**Task directions:** The answer must be an exact copy of the entries that follow, with all images removed.

**Stored data entries:**
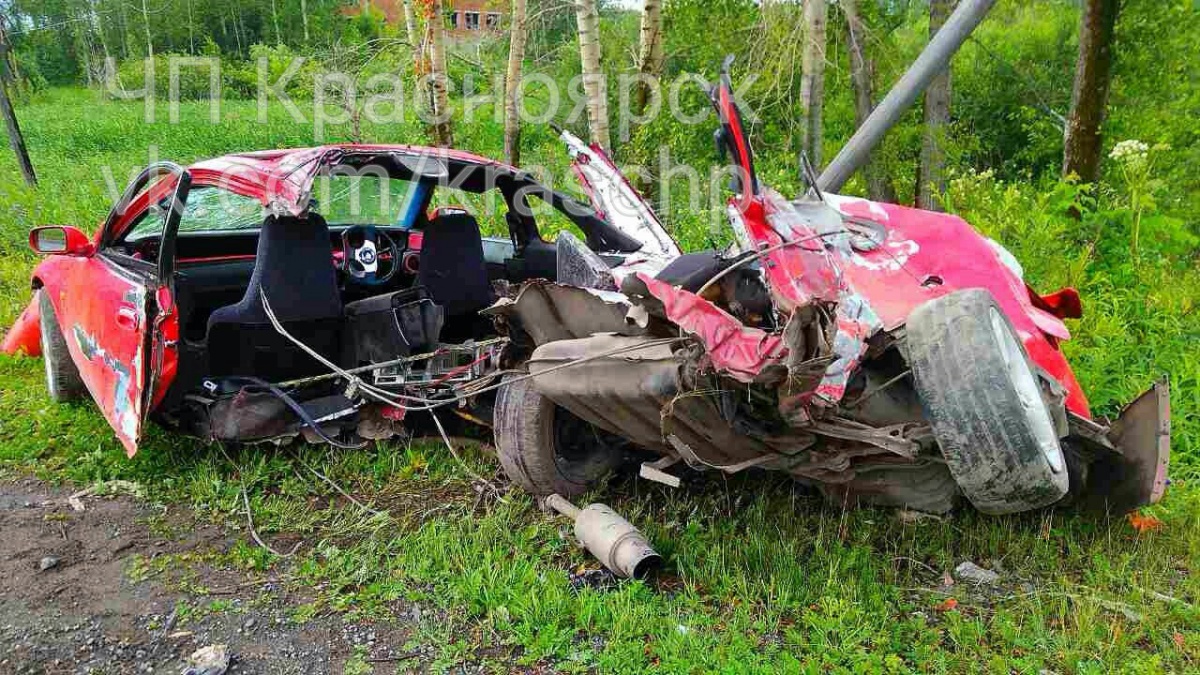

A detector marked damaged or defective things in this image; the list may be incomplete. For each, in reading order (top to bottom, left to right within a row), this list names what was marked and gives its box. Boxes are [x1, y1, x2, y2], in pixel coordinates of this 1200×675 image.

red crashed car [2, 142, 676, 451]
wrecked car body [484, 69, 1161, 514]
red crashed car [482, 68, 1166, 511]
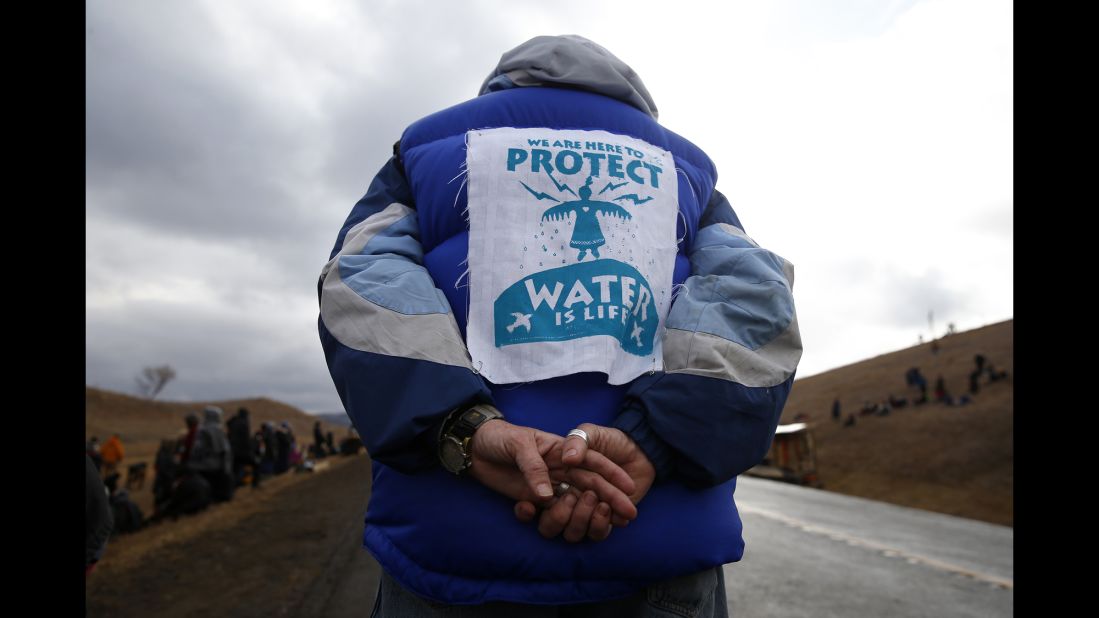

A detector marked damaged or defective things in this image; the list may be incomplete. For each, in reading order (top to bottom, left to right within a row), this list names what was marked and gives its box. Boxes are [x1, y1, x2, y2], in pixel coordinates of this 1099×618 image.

**Worked solution:**
A detector marked damaged or defective things in this image; the list may be incomplete. For each, in reading order (top to bottom, left to right within a row), this list names what was marked and gives its box. Boxes are [x1, y1, x2, y2], in pixel coordinates of this 1200×675 image.

red crashed car [2, 142, 676, 451]
wrecked car body [484, 69, 1161, 514]
red crashed car [482, 68, 1166, 511]

A detector marked damaged or defective things in this image; the list may be incomplete. For each, in reading order (top to bottom, left to right within a row), this list names what was marked and gives its box. Boxes are [x1, y1, x2, y2], in pixel coordinates of this 1099×618 image.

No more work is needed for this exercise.